PettingZoo + RLlib requires same observation spaces for everyone!


from gymnasium.spaces import Discrete
from gymnasium.spaces import Box, Dict, Discrete, MultiDiscrete, MultiBinary
from pettingzoo.utils.env import ParallelEnv
from pettingzoo.test import parallel_api_test
import ray
from ray.tune.registry import register_env
from ray.rllib.policy.policy import PolicySpec
from ray.rllib.examples.policy.random_policy import RandomPolicy
from ray.rllib.algorithms.dqn.dqn import DQNConfig
from ray.rllib.env.wrappers.pettingzoo_env import ParallelPettingZooEnv
from ray.tune.logger import pretty_print


class DifferentSpacesEnv(ParallelEnv):
    """
    PettingZoo environment that implements different
    observation and action spaces.
    """

    def __init__(self, **config):
        """
        Initialises the class. The logic is not important,
        just that the spaces are different.
        """
        self.agents = ["agent_1", "agent_2"]
        self.possible_agents = self.agents.copy()

        self.observation_spaces = {
            "agent_1": Dict({
                "a": Discrete(3),
                "b": Dict({
                    "e": Box(1, 3)
                })
             }
             ),
            "agent_2": Dict({
                "dis": Discrete(30),
                "dico": MultiDiscrete([11,11])
            }
            ),
        }
        self.action_spaces = {
            "agent_1": Discrete(4),
            "agent_2": Dict({"e": Box(1, 3)}),
        }
        self.max_time = 1000
        self.curr_time = 0

    def step(self, actions: dict):
        """
        Takes a step and returns the observation,
        rewards, terminated, truncated and info dictionaries,
        each keyed by agent.
        """
        self.curr_time += 1
        rewards = {agent: 1 for agent in self.agents}
        obs = {
            agent: self.observation_spaces[agent].sample()
            for agent in self.agents
        }
        terminated = dict.fromkeys(self.agents, False)
        truncated = dict.fromkeys(self.agents, False)
        info = dict.fromkeys(self.agents, False)
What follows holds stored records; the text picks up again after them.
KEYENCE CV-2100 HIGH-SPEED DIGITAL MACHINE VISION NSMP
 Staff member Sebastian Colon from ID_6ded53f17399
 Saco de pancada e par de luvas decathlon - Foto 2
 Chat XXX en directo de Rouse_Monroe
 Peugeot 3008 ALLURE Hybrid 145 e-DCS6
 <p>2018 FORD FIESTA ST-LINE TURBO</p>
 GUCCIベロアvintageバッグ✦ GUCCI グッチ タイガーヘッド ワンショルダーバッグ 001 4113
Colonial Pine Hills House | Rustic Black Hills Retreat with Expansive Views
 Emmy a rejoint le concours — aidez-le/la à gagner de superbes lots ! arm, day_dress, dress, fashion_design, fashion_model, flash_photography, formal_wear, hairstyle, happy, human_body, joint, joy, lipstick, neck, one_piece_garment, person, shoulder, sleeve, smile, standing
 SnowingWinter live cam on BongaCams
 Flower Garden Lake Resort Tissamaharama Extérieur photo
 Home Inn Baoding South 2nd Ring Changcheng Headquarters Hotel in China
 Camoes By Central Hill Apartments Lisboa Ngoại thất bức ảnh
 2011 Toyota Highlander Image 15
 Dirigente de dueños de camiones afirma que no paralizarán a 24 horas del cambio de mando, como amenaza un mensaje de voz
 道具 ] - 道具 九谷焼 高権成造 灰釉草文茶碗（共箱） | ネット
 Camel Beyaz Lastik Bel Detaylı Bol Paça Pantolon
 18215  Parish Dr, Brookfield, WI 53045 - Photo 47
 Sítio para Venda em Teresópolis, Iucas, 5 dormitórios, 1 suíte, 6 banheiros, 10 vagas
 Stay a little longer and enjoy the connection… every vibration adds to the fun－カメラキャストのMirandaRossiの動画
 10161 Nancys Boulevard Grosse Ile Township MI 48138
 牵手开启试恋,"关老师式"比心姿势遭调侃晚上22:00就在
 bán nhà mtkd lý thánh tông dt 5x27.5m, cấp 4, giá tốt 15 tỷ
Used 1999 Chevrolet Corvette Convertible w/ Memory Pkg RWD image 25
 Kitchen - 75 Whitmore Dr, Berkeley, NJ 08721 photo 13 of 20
        return obs, rewards, terminated, truncated, info

    def reset(self, seed: int = None, options=None):
        """
        Calls the super reset
        """
        self.agents = self.possible_agents[:]
        for agent in self.agents:
            self.observation_spaces[agent].seed(seed)
            self.action_spaces[agent].seed(seed)

        return dict.fromkeys(self.agents, 0)

    def render(self):
        # render the game
        return "|".join(self.agents)

    def state(self):
        """
        This is a stateless game, therefore, we return None
        """
        return None

    def observation_space(self, agent: str):
        return self.observation_spaces[agent]

    def action_space(self, agent: str):
        return self.action_spaces[agent]


if __name__ == "__main__":
    # assert that this is a ParallelEnv
    # This will throw if not.
    parallel_api_test(DifferentSpacesEnv())

    # Convert this into a MultiAgentEnv
    ray.init()
    game = DifferentSpacesEnv()
    register_env(
        "DifferentSpacesEnv",
        lambda config: ParallelPettingZooEnv(DifferentSpacesEnv(**config)),
    )

    # Run some sample algorithm on it
    config = (
        DQNConfig()
        .environment("DifferentSpacesEnv")
        .training(train_batch_size=1024)
        .framework("torch")
        .multi_agent(
            policies={
                "agent_1": PolicySpec(
                    policy_class=None,  # Infer automatically
                    observation_space=game.observation_space("agent_1"),
                    action_space=game.action_space("agent_1"),
                    config={},
                ),
                "agent_2": PolicySpec(
                    policy_class=RandomPolicy,
                    observation_space=game.observation_space("agent_2"),
                    action_space=game.action_space("agent_2"),
                    config={},
                ),
            },  # end-policies
            policy_mapping_fn=lambda ag_id, *args, **kwargs: ag_id,
            policies_to_train=[
                "agent_1",
                "agent_2",
            ],  # train all policies
        )  # end-multi-agent
    )  # end-config

    algo = config.build()
    result = list()
    for i in range(10):
        result.append(algo.train())

    trainer.stop()
    ray.shutdown()
    for i in range(10):
        print(f"Result at iteration {i}:")
        print(pretty_print(result[i]))

    # close
    ray.close()